Scheduling a football season in the Twin Counties
By ETHAN JOYCE
Sunday, August 13, 2017
Jonathan Cobb was stuck with a plate of chicken livers.
The SouthWest Edgecombe football coach ordered the fried delicacy to share with other coaches at the Eastern Plains conference meeting on Tuesday in Wilson. When the waiter strolled with the organs into the back room of Parker’s Barbecue, Cobb was saddled with responsibility.
“I’m not going to eat all these things myself,” Cobb laughed as he grabbed the first piece.
After 10 minutes passed, Cobb was still manning the plate alone. Finding someone to help him eat the livers was just like trying to find non-conference opponents for his team’s schedule — takers were getting hard to find.

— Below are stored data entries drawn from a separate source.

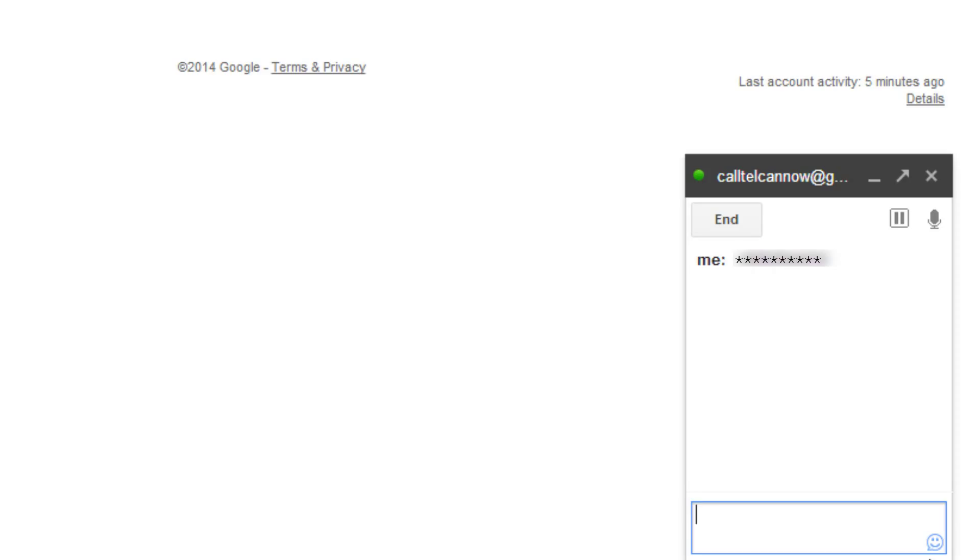Now type the phone number you wish to dial, starting with a plus sign, the country code, then the phone number. Your call will then be connected.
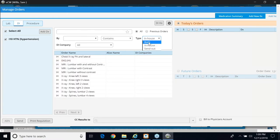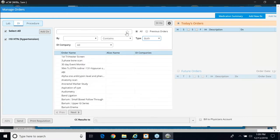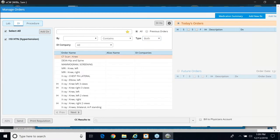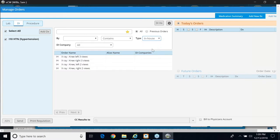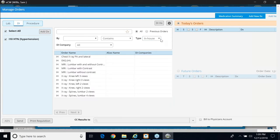Or if I change it back to both, I also have the ability to select my star, which indicates favorites. Oops, look, I didn't do it. So I'm going to come back, click in-house, and here's my EKG.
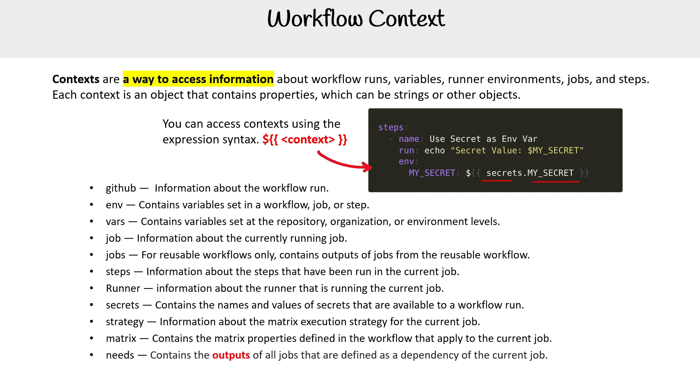Oh, and needs and inputs. And the difference between needs and inputs - I don't know why they don't call this one outputs - but needs is outputs and inputs are inputs. But there you go.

Cobb is one of the many football coaches who has had difficulties with putting together a slate of games. Coaches have had to widen their range for perspective matchups to accommodate the scheduling struggles because of location, the style of play and the success of Twin Counties programs.
And the proof is in the travel. Six of eight Twin Counties teams in the NCHSAA will either travel their highest average distance for non-conference away games this season or did so last season.
In 2017, three football teams will average more than 80 miles (one way) for non-conference away games: Rocky Mount Prep (107.1), SouthWest Edgecombe (83.9) and Rocky Mount High (83.1). While those averages are composed of a range of two-to-four games, it’s still a little farther than most coaches would like to travel. They will do so to balance their schedules.
When he plans out every season, Cobb looks to fill his non-conference with equal parts of games he thinks his Cougars can win and games that will test them. He had little interest from what he considered comparable 2-A schools in the surrounding counties, so he looked toward the coast.
SouthWest Edgecombe will play both Pasquotank County and Currituck County on the road this season. Both bus rides will be more than 200 miles each round trip.
“It is all relative, and you try to forecast it so you get that balance because nobody wants their kids to be deflated when conference starts because you played all A-plus-plus schools or you have a false sense of confidence by playing too low of competition,” Cobb said. “I don't think anyone wants either extremes. Get different teams with different offenses so your defense is getting good looks.
“Really, non-conference is supposed to be training for conference. And everybody wants to win them all, but unfortunately you are not always going to win them all.”
Brian Foster is starting his 20th season as head coach of Southern Nash. Scheduling has always been a complicated dance. Firebirds football had three open contracts to replace for this coming season, and Foster said the hope is to always keep it local. Most of the time, though, coaches have to take the first opening they see. Southern Nash will travel to Cary Green Hope in Week 1. The Firebirds will also host Class 4-AA champion Wake Forest and fellow 3-A school Jacksonville White Oak.
“That is not exactly what you want to do, but when you get closer and closer to time and you've got dates to fill, you've got to do something,” Foster said of the tough upcoming matchups. “If somebody calls you and they've got a date and you've got that date, sometimes you have to agree to play.”
Teams — especially better programs — typically look to field an 11-game schedule. That way come playoff time, teams can drop a non-conference loss to have a better 10-game record for NCHSAA seeding purposes. This season, Rocky Mount High will have their first 10-game schedule since 2012 because the 11th game would have been to taxing to work out. Gryphons coach Jason Battle has led the team to two consecutive 3-A finals berths, including a 2015 state championship. That made it even more difficult to find suitors.
“Some of (the situation) was reacting late, but I think a lot of it was the people that had played us previously, they had already scheduled games,” Battle said. “Then, you know, there is the fact that we've played for two back-to-back state championships. People thought that we were too difficult of a team to play non-conference.
“Once we got the five teams that we did get, we actually had to turn some people down that would have put us in a position that our non-conference schedule would have been very extreme.”
Foster and Battle both mentioned that a bigger conference can combat scheduling woes better. Filling the slots for three or four games is naturally easier than five or six like teams. Battle also mentioned a larger grouping would prevent the long trips where neither school comes out well financially. But until a change like that comes for Twin Counties football teams, coaches will continue to maneuver around the state so their teams remain competitive.
“I think a team wants to schedule games you can win, but it is to the point now where there aren't many teams you can just go beat,” Foster said. “And when you do that, you are basing it off what they did the previous years, and teams change.
“. . . We will play whoever we've got to play. I want our kids to be ready anytime.”